Vadim Bredny: I am the manager of Titan traders. Our company also has interests in manufacturing. I would like to say a few words about exports. Mongolia is close by, and we have for many years exported Russian foodstuffs to that friendly neighbouring country. Regrettably, the Russian presence there is steadily decreasing. We are doing much for Mongolia, but the share of Russian foodstuffs and other exports is shrinking. I know the business from the inside. All traders say it’s hard to deal with Russia, so they prefer to have transactions with China, Korea or even Europe. It’s more profitable to make purchases there. On behalf of all manufacturers and surely my own, I call your attention to the fact that we should not overlook Mongolia.

Vladimir Putin: What’s the problem?

Vadim Bredny: Russian trade representations should take part in the job.

Vladimir Putin: What do you think should they do? Clean roads or what? What changes do you require?

Vadim Bredny: To get in touch with the Chamber of Commerce and Industry, and simplify visa arrangements.

Vladimir Putin: Mr Bredny, just say precisely what changes you want.

Vadim Bredny: Why, there are objective and subjective factors…

Vladimir Putin: Precisely what?

Vadim Bredny: We would like the federal government also to help us…

Vladimir Putin: Just what can we do for you?

Remark: Establish a visa-free regime?

Vadim Bredny: We use the green corridor. No one is offering us a visa-free regime.

Vladimir Putin: Visas have nothing to do with it.

Vadim Bredny: There are problems with the customs people. The formalities are too complicated and take too long.

Vladimir Putin: So it’s a problem of customs clearing?

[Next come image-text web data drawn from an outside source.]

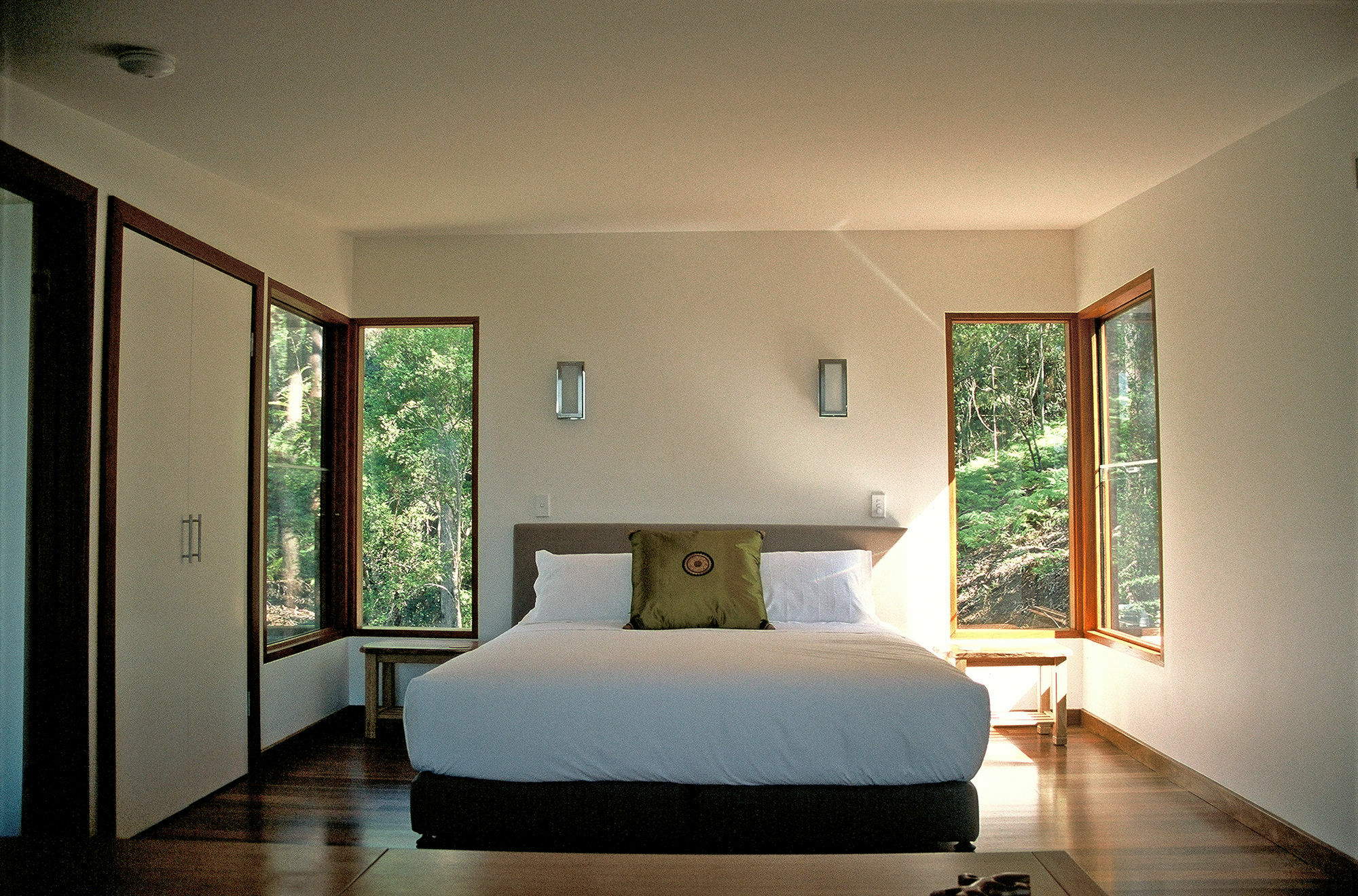 Montville Ocean View Cottages Esterno foto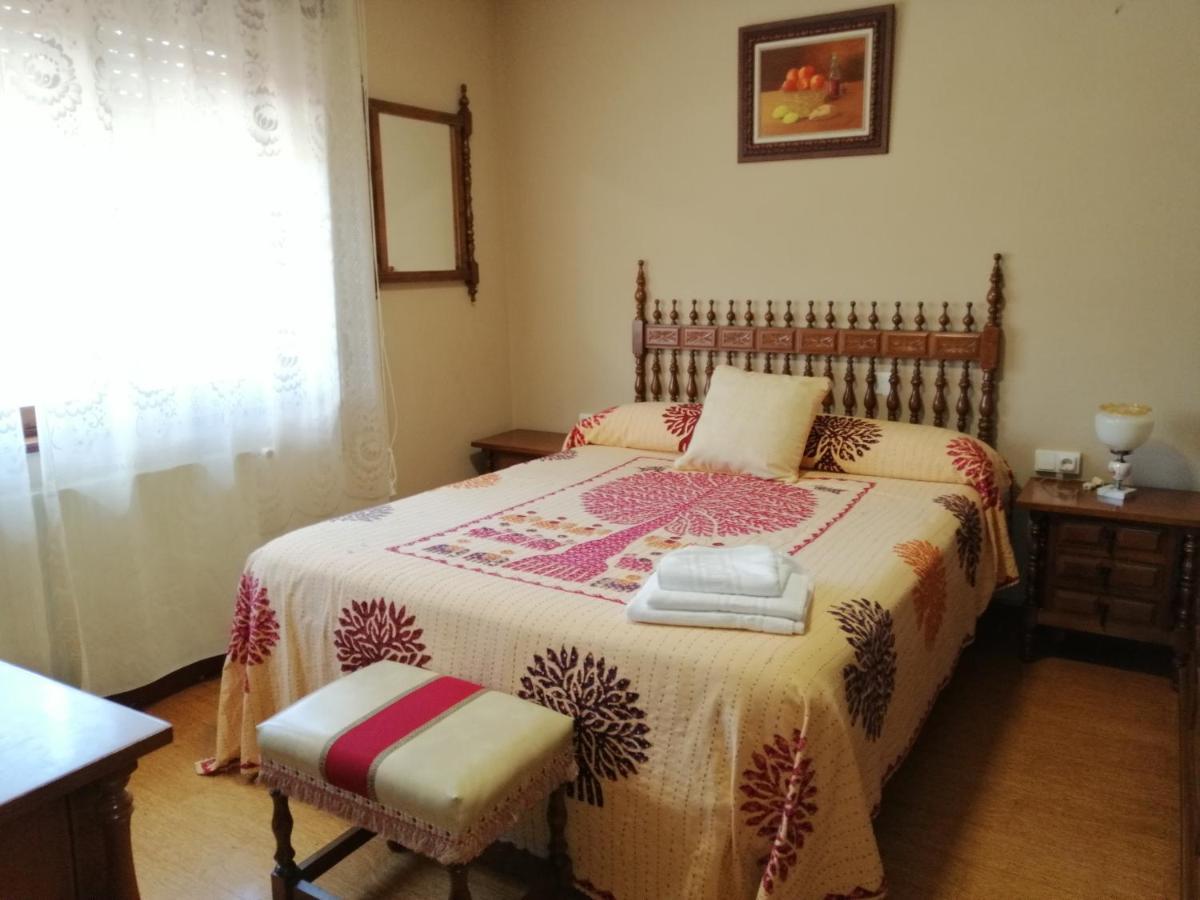 Casa La Granda Villa Onís Kültér fotó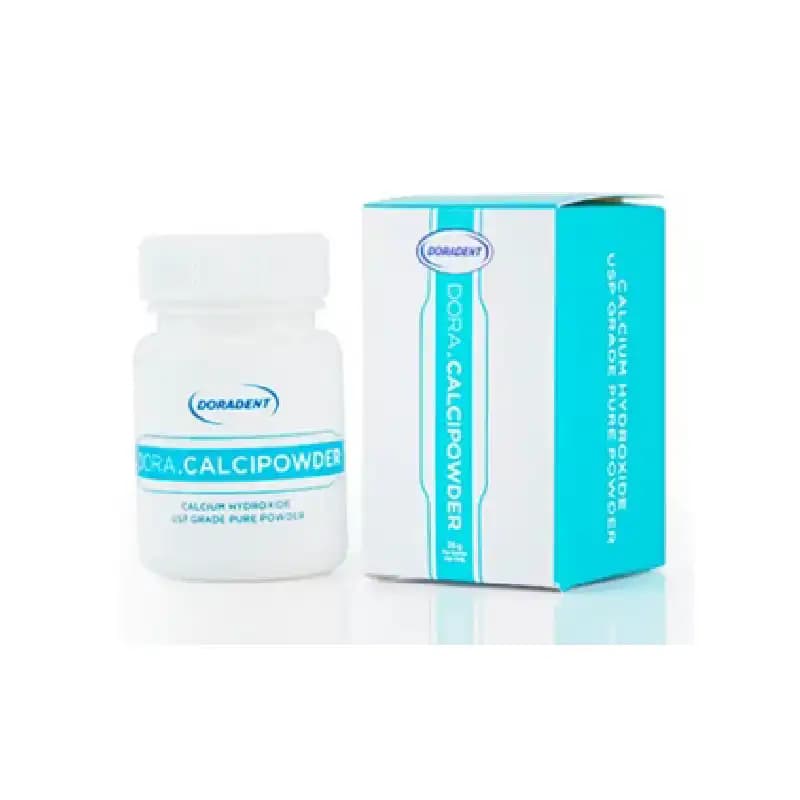پودر کلسیم دورادنت Doradent
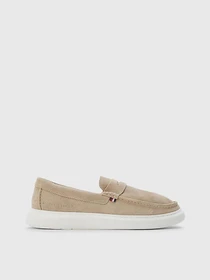 Туфли и лоферы Tommy Hilfiger модель FM0FM04440-AEG Фото
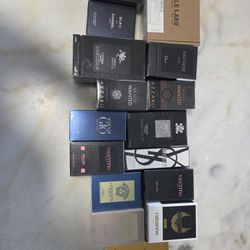 Perfumes Para Dama Y Caballero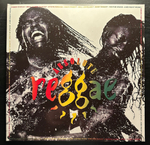 Absolute Reggae (Швеция 1991г.)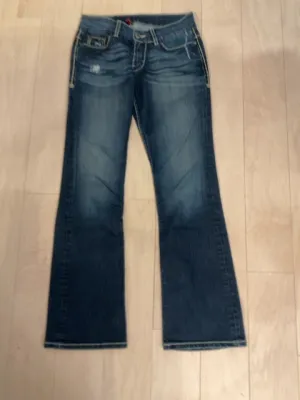 {{ClientCode}} DENIM BKE JEANS, 27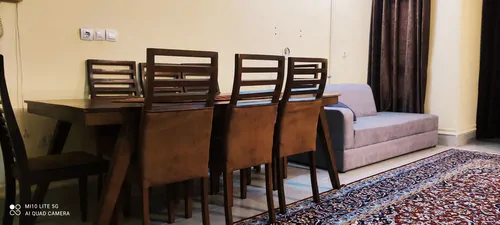 تصویر 2 - آپارتمان لاکچری نزدیک به ساحل بوشهر در بوشهر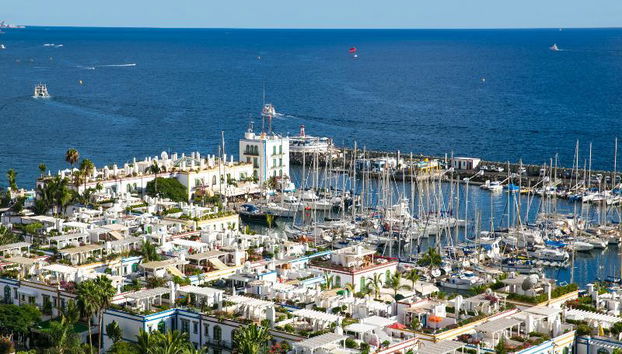 Apartamentos LIVVO Puerto de Mogán - Foto 4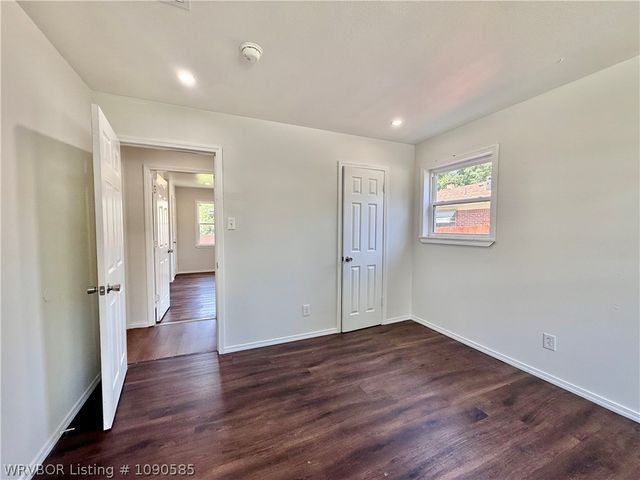4211 Teakwood Drive, Fort Smith, AR 72904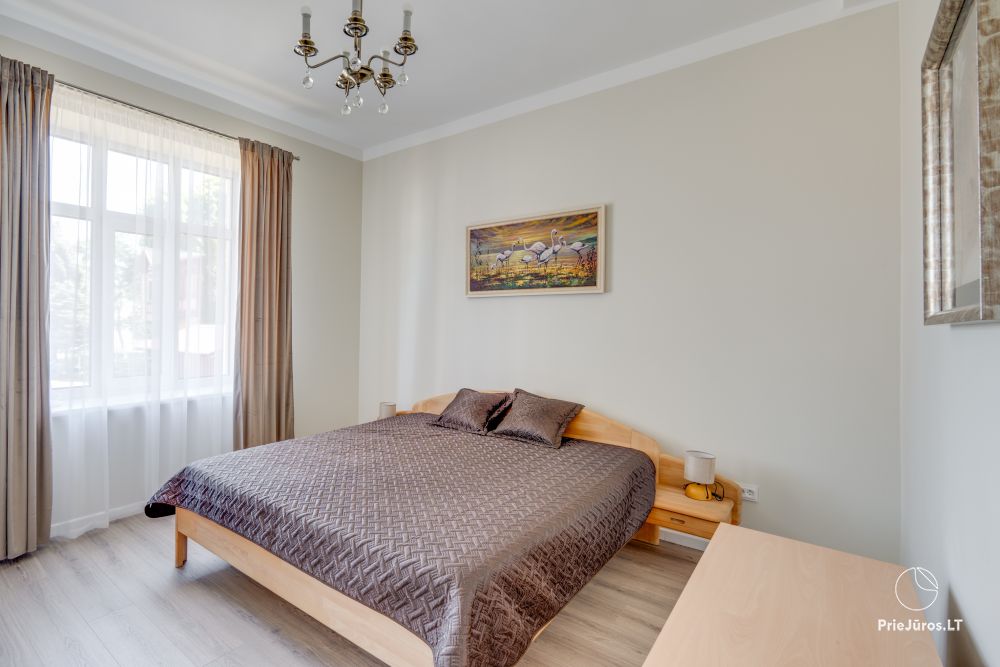 Appartement im Villa ELISABETH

Vadim Bredny: Possibly, I cannot put it all explicitly enough. There are major problems elsewhere, too, but we see the reasons as being rooted in customs clearing and in the Mongolian arrangements. It’s necessary for the Russian government to be involved in commerce.

Vladimir Putin: So you ask us to influence Mongolia for more liberal relations with Russian businesses? Have I got it right?

Vadim Bredny: This too.

Vladimir Putin: We will work on it now. See, Mr Bredny, why I am being so hard on you and what I want? I want you to help us, as we take stock of your problems. Whenever we meet with them, they say that everything is okay and they are content. We are also content, but you are not. We want to know exactly what is bothering you.

Vadim Bredny: Why, there’s a problem. Let’s address it together and change the situation.

Vladimir Putin: Let’s do that. Just go on. We are interested. We have ample experience working with Mongolia. Our trade is growing. But if you say that there are some practical obstacles… After all, we have gathered today to find out the root of your problems.

I am extremely grateful to you for this businesslike discussion of current problems because the end result of our work together depends on their solution. 

I have made some notes here. We will surely see them in Moscow. My colleagues have also been taking notes. Mr Kudrin, for one, made a note on currency control. There are people here on whom the solution of these problems depends, but not all such people. That is why we will gather in Moscow again for another discussion. Mr Nagovitsyn, please sum up everything our colleagues have said.

Thank you very much for your work, achievements and spirited attitude. I congratulate you once again on the red-letter date. Thank you very much.

***

After meeting with top managers from various production facilities in Buryatia, Vladimir Putin spoke with Ulan-Ude residents who were waiting for the prime minister at a city square.